- INFORMATION SUPPLIED:
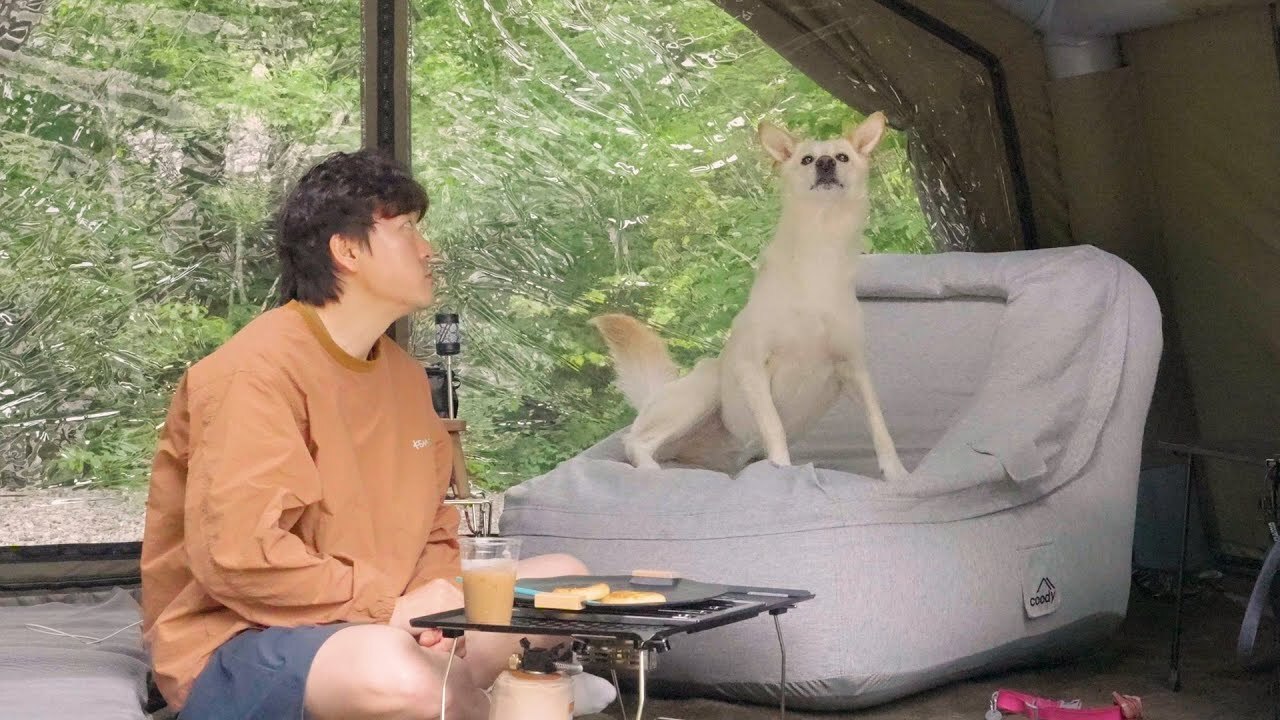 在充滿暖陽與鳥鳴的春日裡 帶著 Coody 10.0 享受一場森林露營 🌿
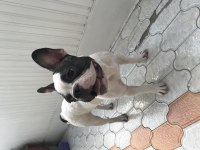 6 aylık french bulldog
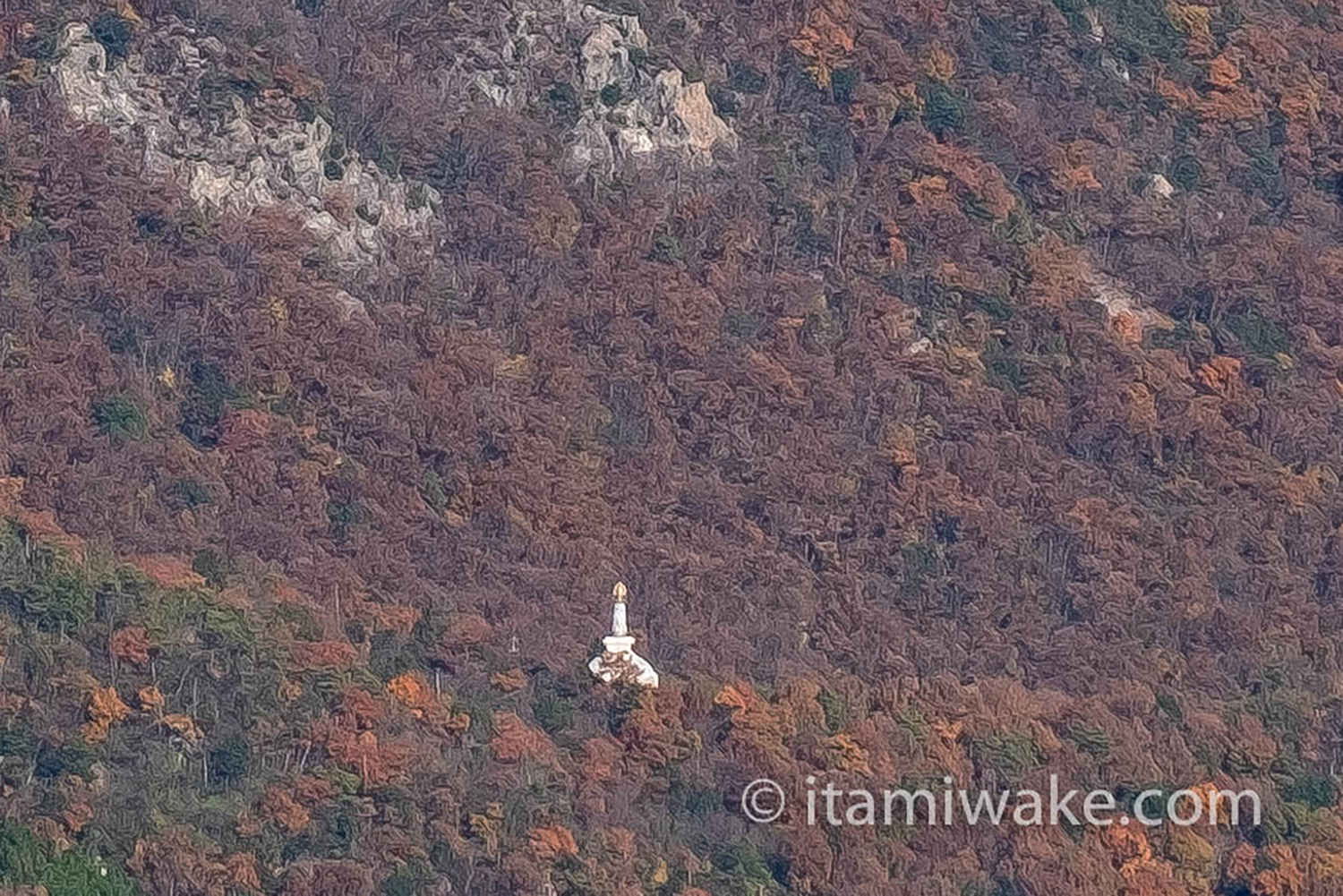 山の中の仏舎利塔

- WORK INSTRUCTION:
Please output the material above unchanged, apart from removing the pictures.

- RESPONSE BOX:
 在充滿暖陽與鳥鳴的春日裡 帶著 Coody 10.0 享受一場森林露營 🌿
 6 aylık french bulldog
 山の中の仏舎利塔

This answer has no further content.